Better regulation of the fast-growing world of crypto assets is not necessary to prevent wealthy people from losing money, but for the sake of everyone else, Federal Reserve Governor Christopher Waller said Friday.
“The main problem in regulating crypto assets is not how to protect sophisticated crypto investors, but how to protect the rest of us,” Waller said in comments prepared for delivery to the SNB-CIF conference on crypto assets and financial innovation in Zurich.
Specifically, he said, the goal of regulation would be “to protect society from the often irresistible pressures to socialize the losses of investors with limited resources and limit the spread of financial stress.”
In the past five years, crypto assets have grown from a niche market worth about $14 billion to a $3 trillion industry.
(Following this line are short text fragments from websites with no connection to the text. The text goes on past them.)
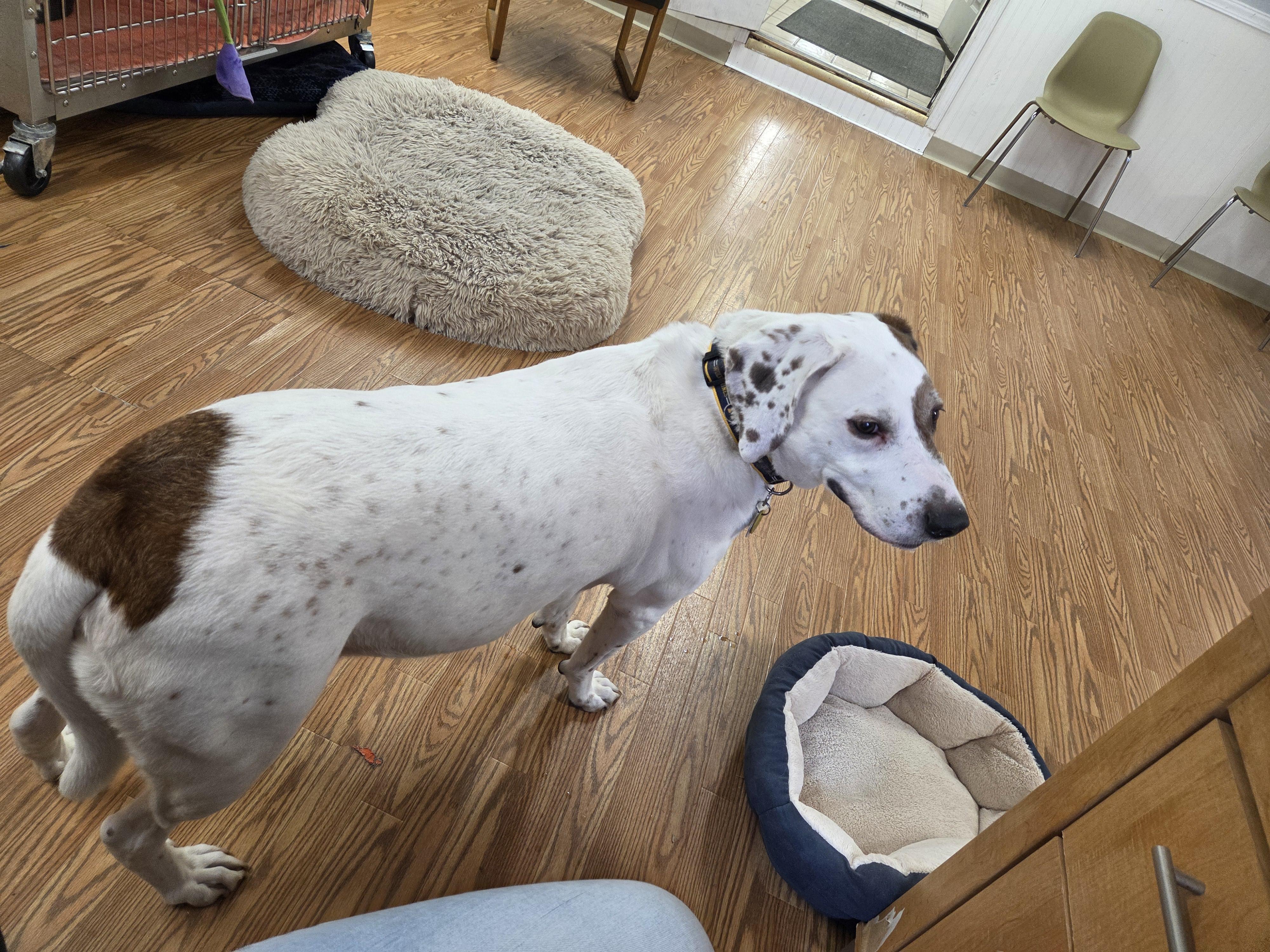 Enlarge Danny Boy, an adopted mixed breed in Carsonville, MI image 4/4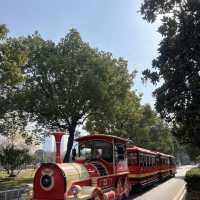 長沙橘子洲半日遊｜毛澤東像打卡、湘江睇日落、小火車漫遊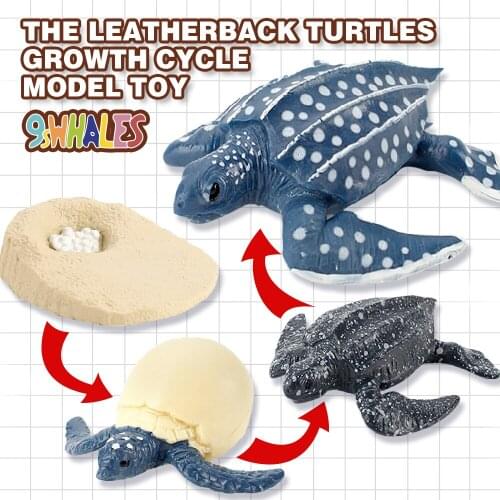 Educational Toy Simulation Animals PVC Leatherback turtles Growth Cycle Scene Design Simulation Powder Toy Decoration Gift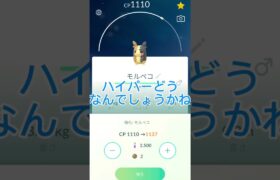 モルペコ100%！！！！！#ポケモンgo #ポケモン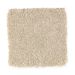 Mohawk Coastal Path I Hearth Beige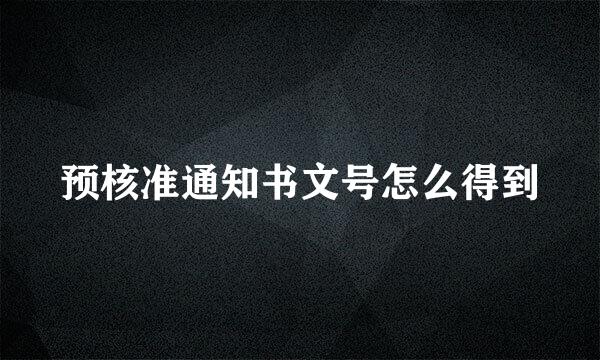 预核准通知书文号怎么得到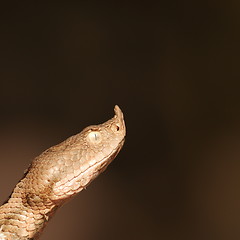 Image showing close up on vipera ammodytes head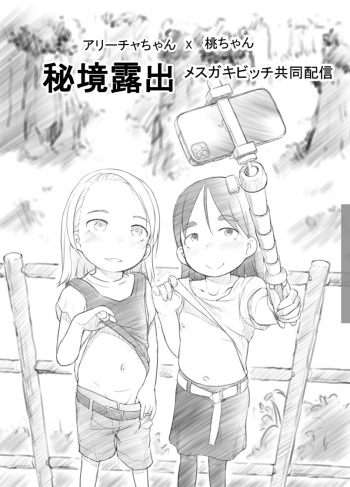 Ali-channel 2 Hikyou Roshutsu Mesugaki Bitch Kyoudou Haishin cover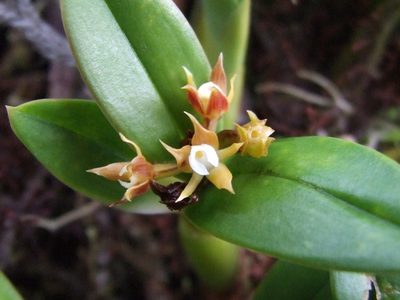 Prosthechea pygmaea, photographed by Thibaud Aronson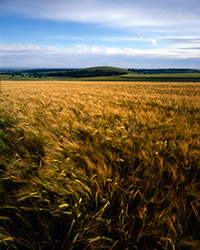 Ripening barley growing on the South Downs swirls in the wind on a summer evening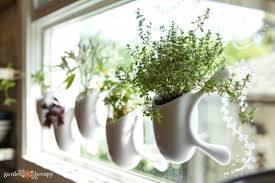 One of the best, most convenient places to grow your herbs is right in your kitchen. Say Goodbye To The Winter Blues With A Diy Window Herb Garden Garden Therapy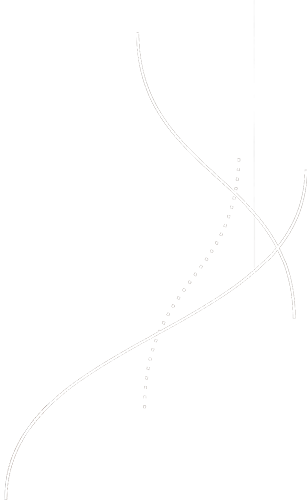 Lines Icon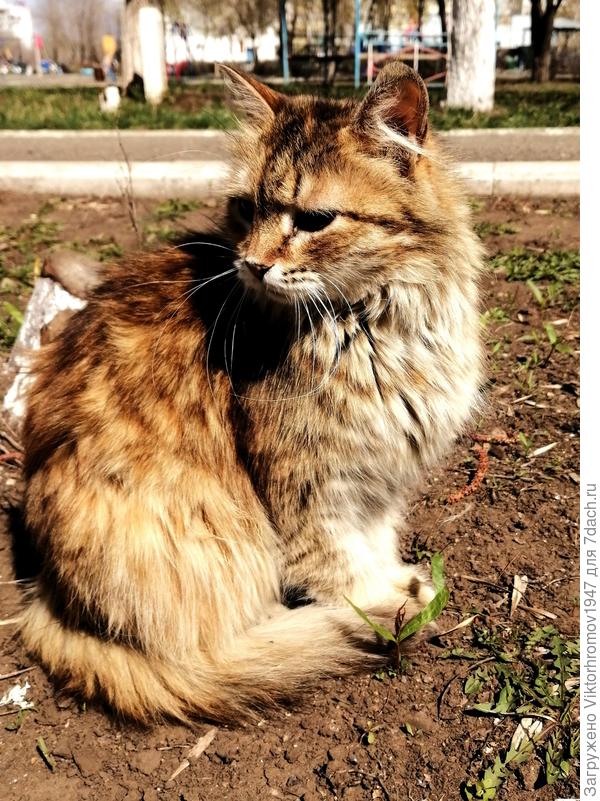 Явился в чужой двор...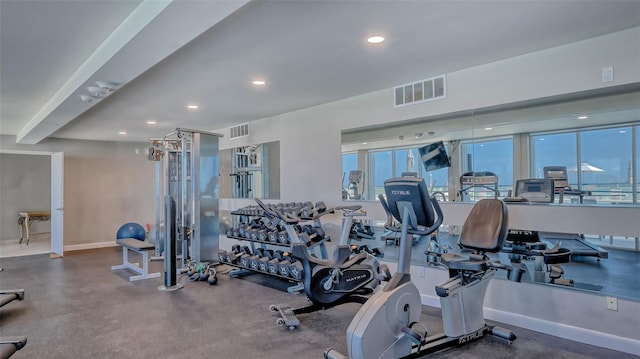 exercise room with plenty of natural light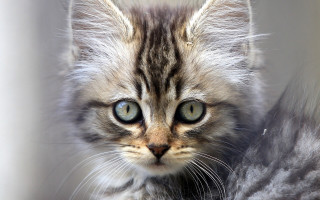 Kitten green eyes looking at - symmetrical eye free wallpaper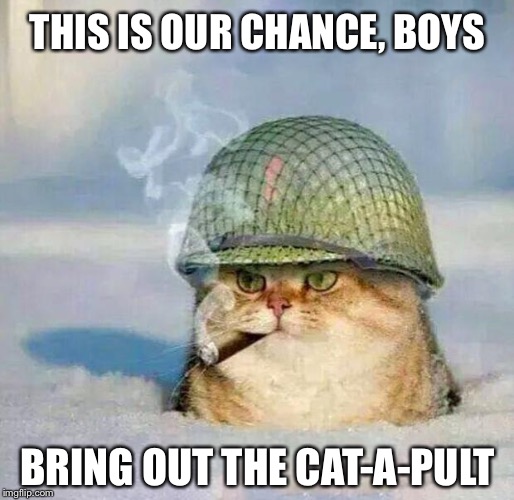 C'mon Boys, Let's Do This |  THIS IS OUR CHANCE, BOYS; BRING OUT THE CAT-A-PULT | image tagged in war cat | made w/ Imgflip meme maker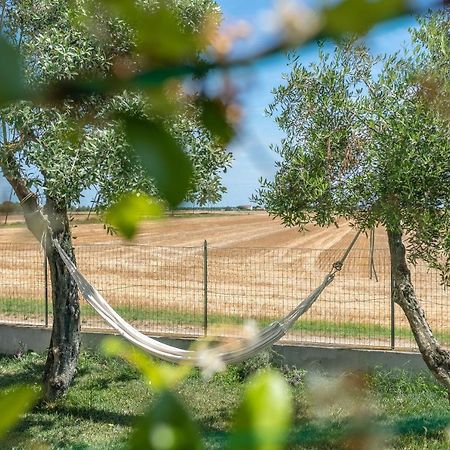 Ortopi Country Canapa House Порто-Реканати Экстерьер фото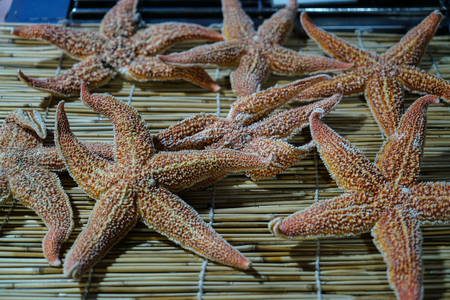 Qingdao seafood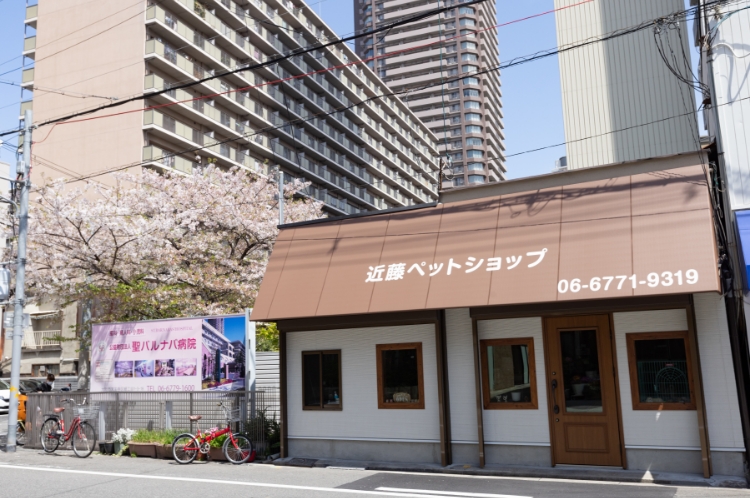 ご来店・カウンセリング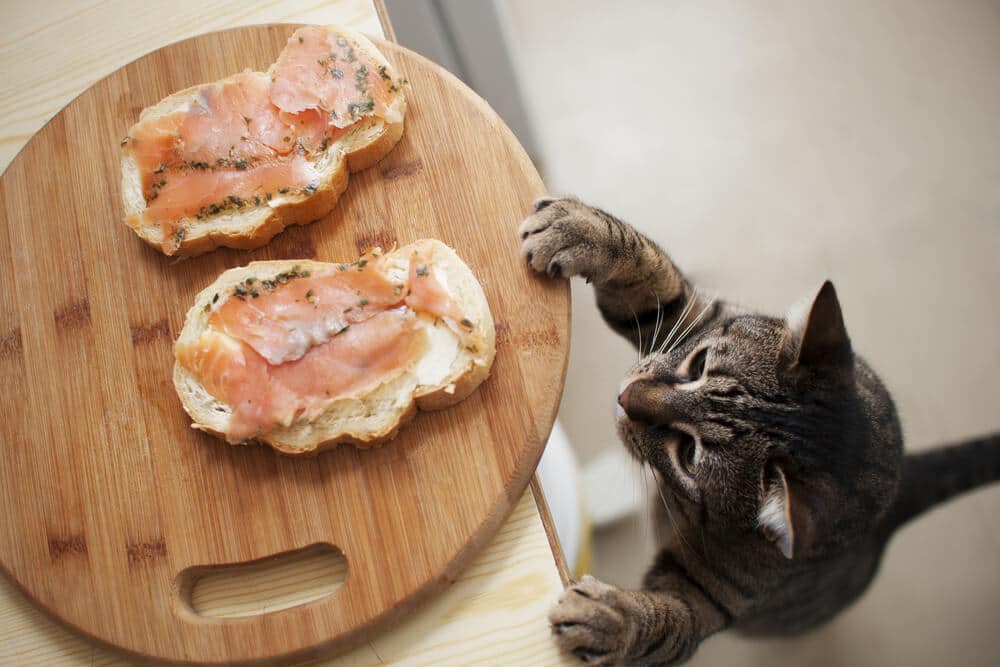 Aliments toxiques pour les chats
Several high-profile collapses in the crypto world have recently sparked calls for better guardrails for what is essentially an unregulated market. One reason: their popularity.
A recent Fed survey found that about 12 percent of American adults used or held cryptocurrencies in the past year, primarily for investment purposes. Other studies suggest that the number of crypto users is even higher.
In March, President Joe Biden ordered the Treasury and other agencies to begin looking at how best to regulate the sector, even as central banks around the world — including the Fed — are exploring the possibility of a central bank backed digital currencies.
Waller is among those at the Fed who say they see no reason to issue a central bank digital currency that would compete with privately backed digital currencies.
On Friday, he explained his rationale for why those privately-backed currencies need closer scrutiny, despite industry arguments that markets should be left to fend for themselves to foster more innovation.